Before I share with you our October 2022 results, as I promised in July 2021, I’ll share with you what we’ve been up to the past month. After that, we can talk about the numbers.
What have we been up to this month?
Personal life positives
Let’s start with the shocking news- No family visits during October 2022!
Now that we got that out of the way, let’s talk about the positives.
There were 2 main Jewish holidays during October.
First, there was Yom Kippur. During Yom Kippur, you don’t eat or drink for 25 hours. I took a day off work (obviously) and locked myself in our bedroom. Lazy FI Mum was amazing and looked after both kids for a whole day (there was no childcare that day).
Then, there was Sukkot. We spent part of Sukkot partly at home and partly at Center Parcs.
Our kids had no childcare between the 4th and the 19th of October! They were home for half the month haha.
My day out with my kids
As our kids were home for 2 (and a bit) weeks, someone had to keep them busy. Lazy FI Mum and I took turns doing that. Actually, it was more of a continuous team effort. Anyway, on one of those days, I took the day off work and felt brave enough to take both kids out for the day.

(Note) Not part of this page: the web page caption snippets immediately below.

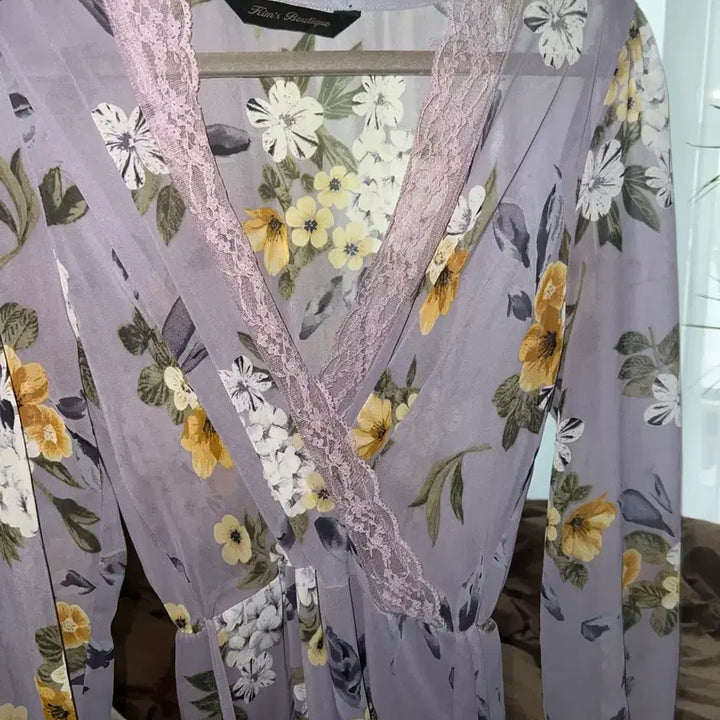 [SOLD OUT] 킴스부티크 꽃무늬 레이스 롱 원피스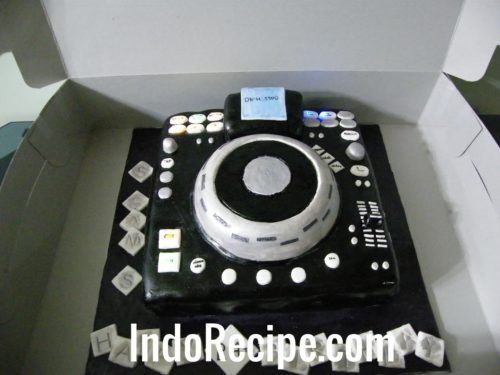 Lighted Dj Turntable Cake Indorecipe Com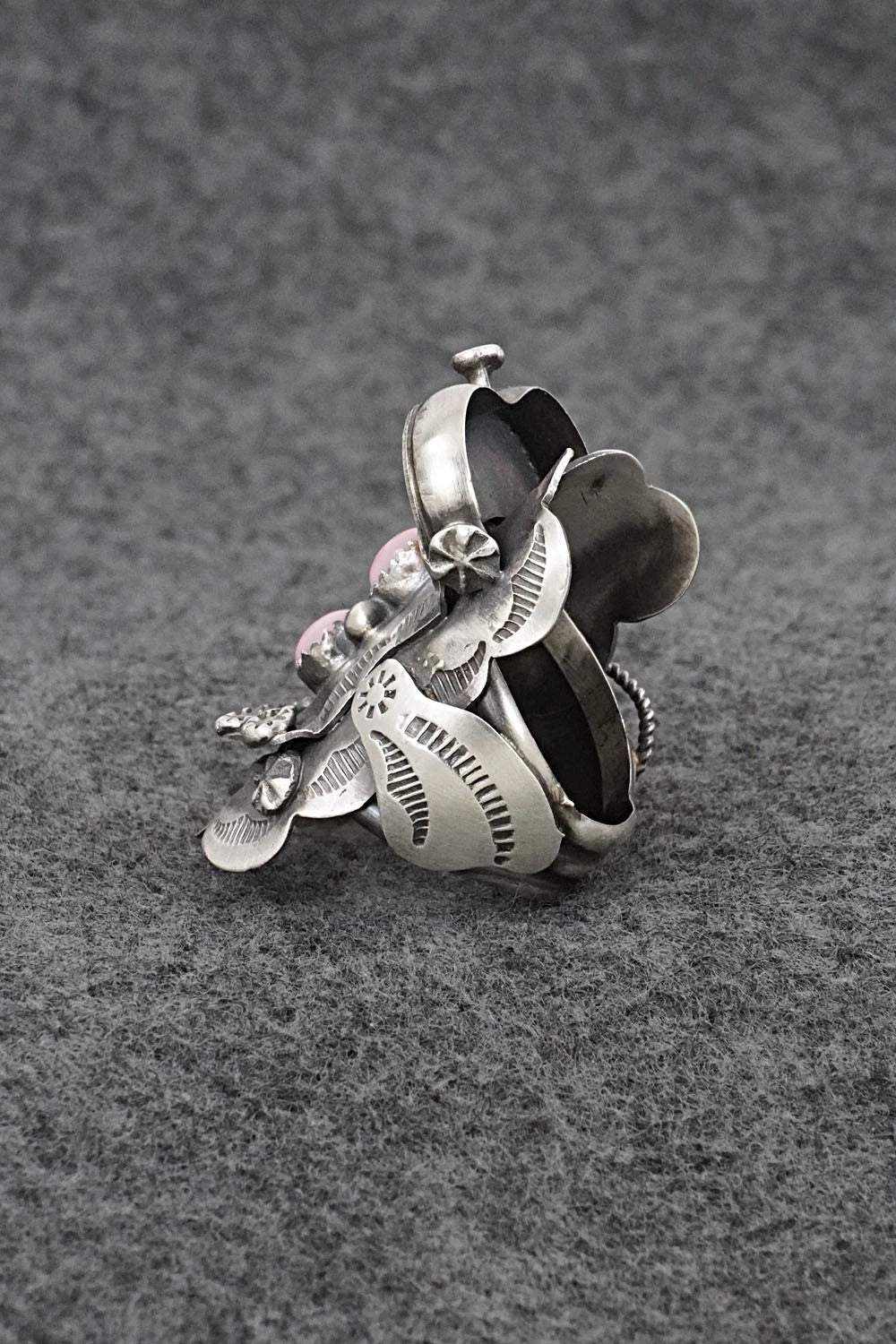Pink Conch & Sterling Silver Ring - Tim Yazzie - Size 9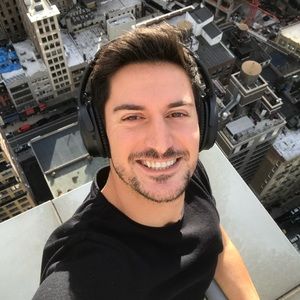 Meet your Posher, Christopher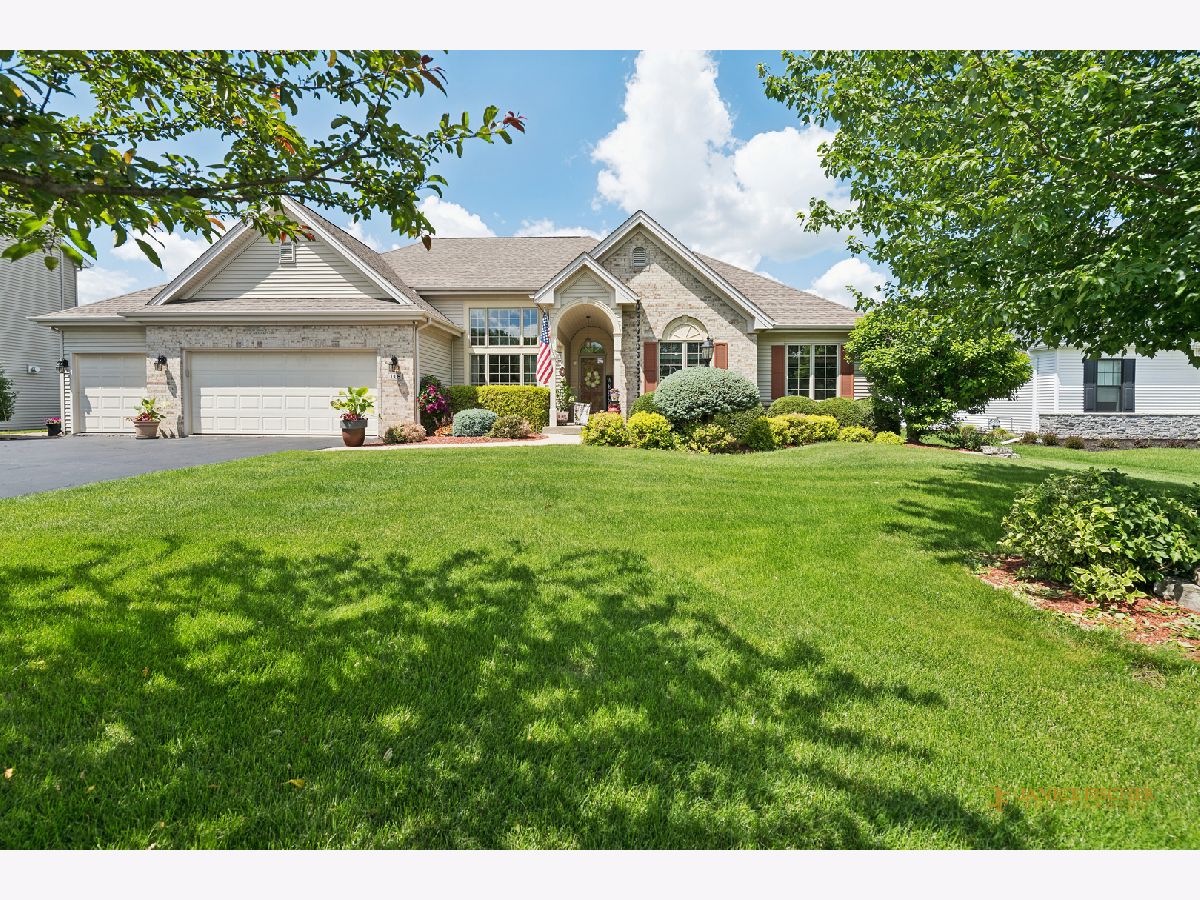  For Sale Poplar Grove Illinois, 118 Boeing Trail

Note to self: soft play with one very energetic girl (that wants to go upstairs, downstairs, outside, and inside) and one static boy (who’s just learning to crawl) is not the best choice of venue.
Despite my poor choice of venue/activity, we still had a great time and my son loved sitting on my lap outside and seeing his big sister climb the steps and go down the slide.
I was pleasantly surprised by how much fun we all had. We went on the train, to the soft play, and even had a nice lunch together.
Wagamama has (temporarily, I hope) beaten Nando’s as my daughter’s favourite food chain.
Sunrise view attempt
In our home, I do mornings. Usually, both kids are up by 06:30 so I’m mostly with them until they leave for childcare at 07:45. One morning, my son decided to wake up before 05:30. My daughter woke up during the night before so I knew she would probably sleep a bit later. With that in mind, I took my son out to try and see the sunrise in our local park. We were out of the house by 05:45.
We had lots of fun being alone in the dark park, seeing the trains go by in the distance and the ducks swimming in the pond.
In fact, we had so much fun that by 06:50 he was back asleep! it was still dark outside. We headed back home in the dark to find my daughter still asleep.
We’ll try and catch the sunrise next time.
I shared with you our experience in Center Parcs from our February 2022 visit in this post.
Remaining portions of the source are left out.